**PROBLEM DESCRIPTION:** The lines to copy run from the one containing "Back thumbnail 3" to the end of the listing. Please write them out exactly, minus the pictures.

**SUPPLIED INFORMATION:**
Content starts

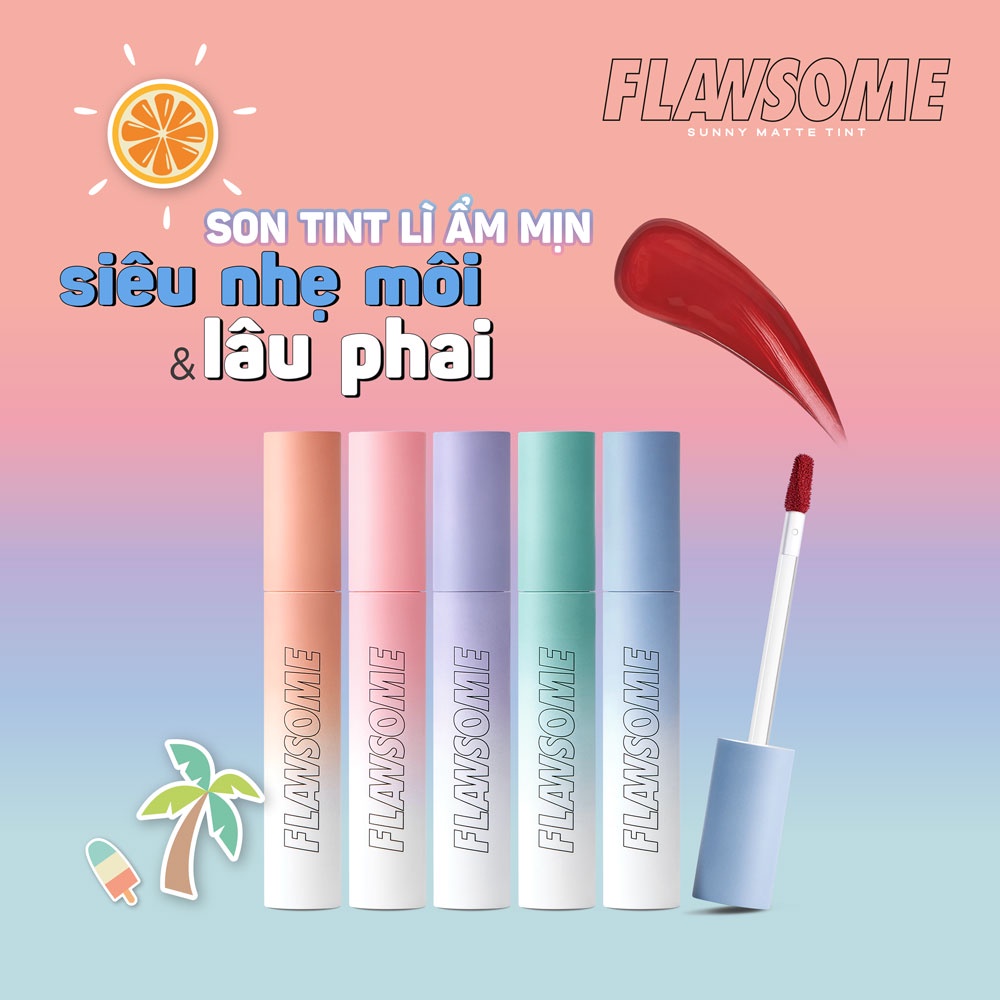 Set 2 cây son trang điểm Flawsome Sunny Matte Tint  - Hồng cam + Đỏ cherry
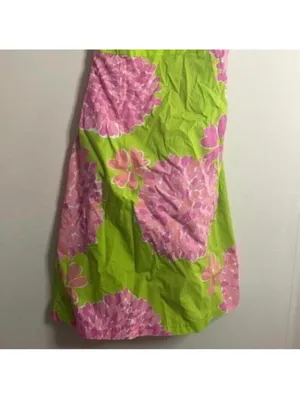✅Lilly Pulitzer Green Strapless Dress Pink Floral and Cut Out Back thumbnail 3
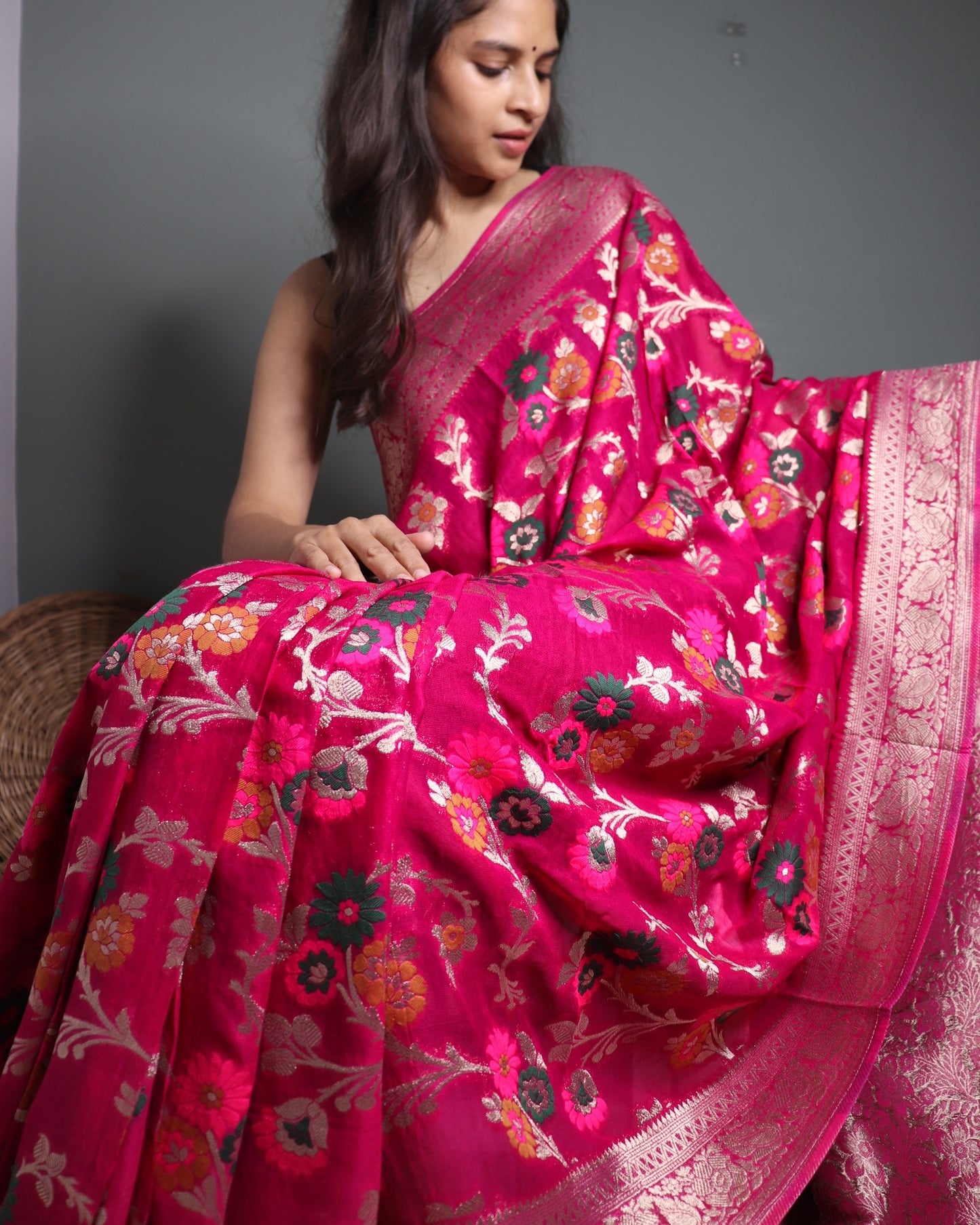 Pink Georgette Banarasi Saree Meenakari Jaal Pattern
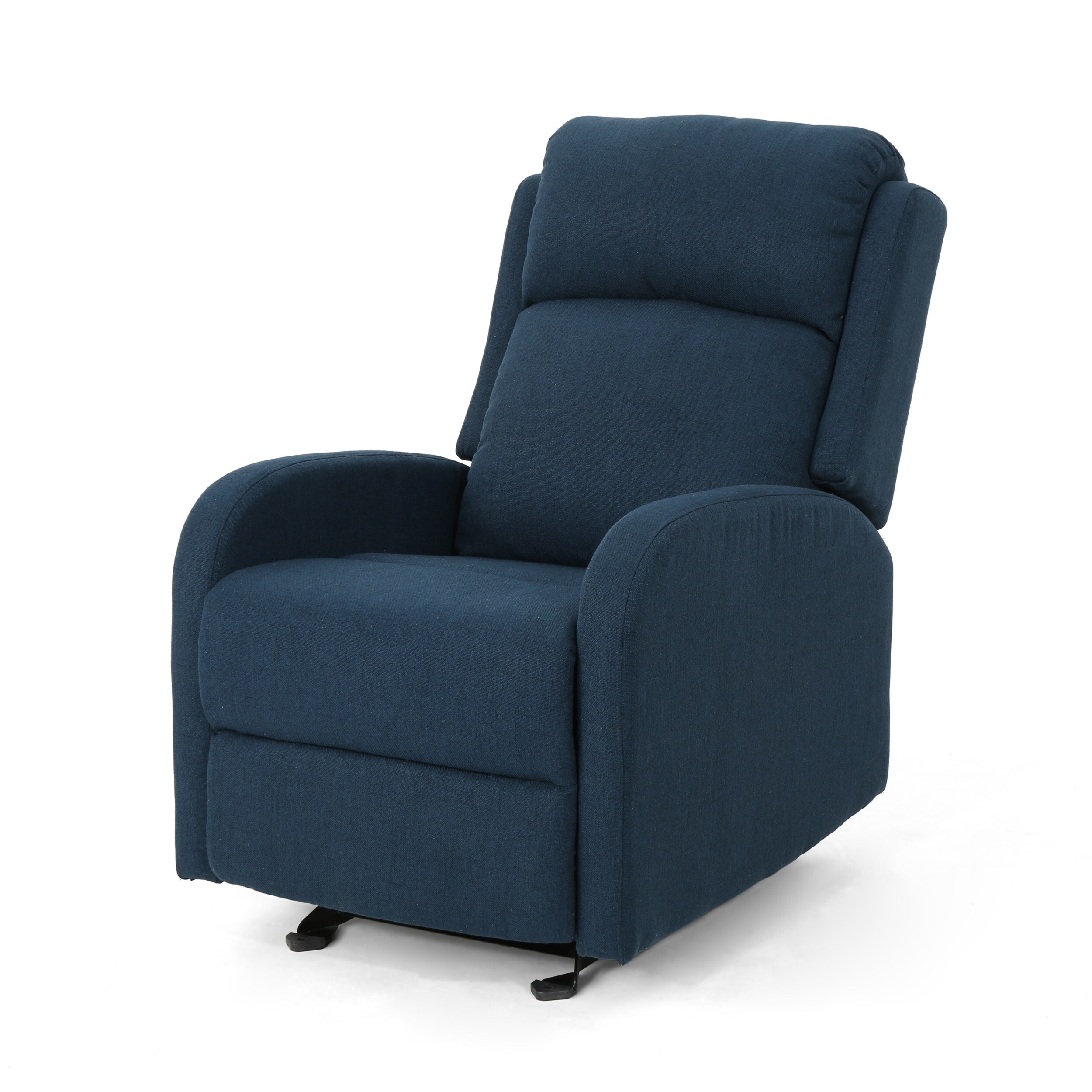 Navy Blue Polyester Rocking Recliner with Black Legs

Content ends

**RESULT OF THE TASK:**
✅Lilly Pulitzer Green Strapless Dress Pink Floral and Cut Out Back thumbnail 3
 Pink Georgette Banarasi Saree Meenakari Jaal Pattern
 Navy Blue Polyester Rocking Recliner with Black Legs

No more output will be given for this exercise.